Montagem fotográfica do monólito frontal do sítio neolítico de Newgrange, Irlanda, com a foto do sol penetrando na câmara interior do mesmo monumento, durante o solstício. Fenômenos astronômicos foram importantes para a determinação de calendários entre todos os povos europeus pré-cristãos.

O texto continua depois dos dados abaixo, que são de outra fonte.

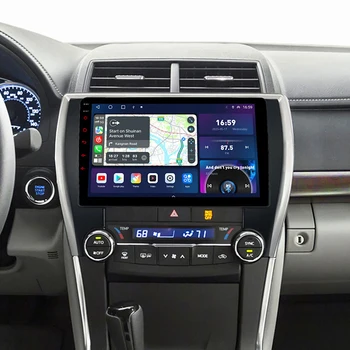 QLED 2K Android 12 8Core 8 + 256G Автомобильный Мультимедийный Для Toyota Camry 7 XV 50 55 2014 2017 2018 GPS Навигация Стерео CarPlay Радио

CALENDÁRIOS E FESTIVAIS SAZONAIS ENTRE CELTAS E NÓRDICOS
Susan Sanae Tsugami
Mestranda em Ciências das Religiões pela UFPB
Membro do NEVE
Festivais
sazonais aconteciam em momentos específicos do ano, relacionados ao movimento
do sol e acontecimentos astronômicos como solstícios e equinócios. Os fenômenos
celestes eram extremamente relevantes na vida dos povos Europeus da
Antiguidade. Langer (2017) compreende que, para os povos neolíticos, germanos,
celtas, eslavos e habitantes do Mediterrâneo pré-clássico, o céu propiciava não
só a regulamentação do calendário, como também que os movimentos do Sol e da
Lua orientavam a sazonalidade agrícola.
Os
povos celtas, germanos e escandinavos, segundo Davidson (1988), possuíam
rituais regulares e organizados, para renovar a comunicação com o mundo
sobrenatural, ou seja, era um aspecto importante para o entendimento desses
povos e para a manutenção da interação com o Outro Mundo. As datas festivas,
assim, incluíam algumas práticas como, por exemplo, consagração de cerveja ou
hidromel (bebida produzida a partir da fermentação do mel), dedicado aos deuses
de maior importância, assim como a realização de sacrifícios de animais
relacionados às divindades. Era costume oferendar saques coletados nas
batalhas, animais sagrados, parte da colheita e demais alimentos e objetos para
as deidades como forma de agradecimento.
Outras
práticas ritualísticas também poderiam ser realizadas nessas épocas, como os
rituais de sacrifícios, em ocasiões especiais, a exemplo da chegada a algum
lugar sagrado, da mudança para uma nova moradia, da vitória nas batalhas, da
abertura de assembleia ou da morte de reis.
Os
rituais são representações simbólicas, são momentos por meio dos quais os seres
humanos e as divindades podem se encontrar e, portanto, são elementos
imprescindíveis para que o processo de comunicação entre os dois mundos obtenha
sua eficácia. Além disso, os rituais devem, necessariamente, se referir ao
universo semântico que se conhece através dos mitos.
O
ritual está relacionado aos fenômenos de comunicação, se diferindo dos mitos,
entendido como parte de uma outra categoria, já que se trata de uma ferramenta
para entrar em contato com o Outro Mundo. Uma hipótese a partir da qual
chegamos a tal afirmação é a de que, provavelmente, o rito tenha precedido o
mito, sendo este último compreendido com a funcionalidade de explicar,
ritualizar e obter, uma vez que a comunicação que o ritual procura estabelecer
inclui, sempre, uma tentativa de manipular os atores do Outro Mundo; os seres
humanos precisam da intercessão desses seres/deidades para obter alguma coisa,
vitória na batalha, bom tempo, boa colheita e o conhecimento do Outro Mundo.
(SCHJØDT, 2008, p. 69).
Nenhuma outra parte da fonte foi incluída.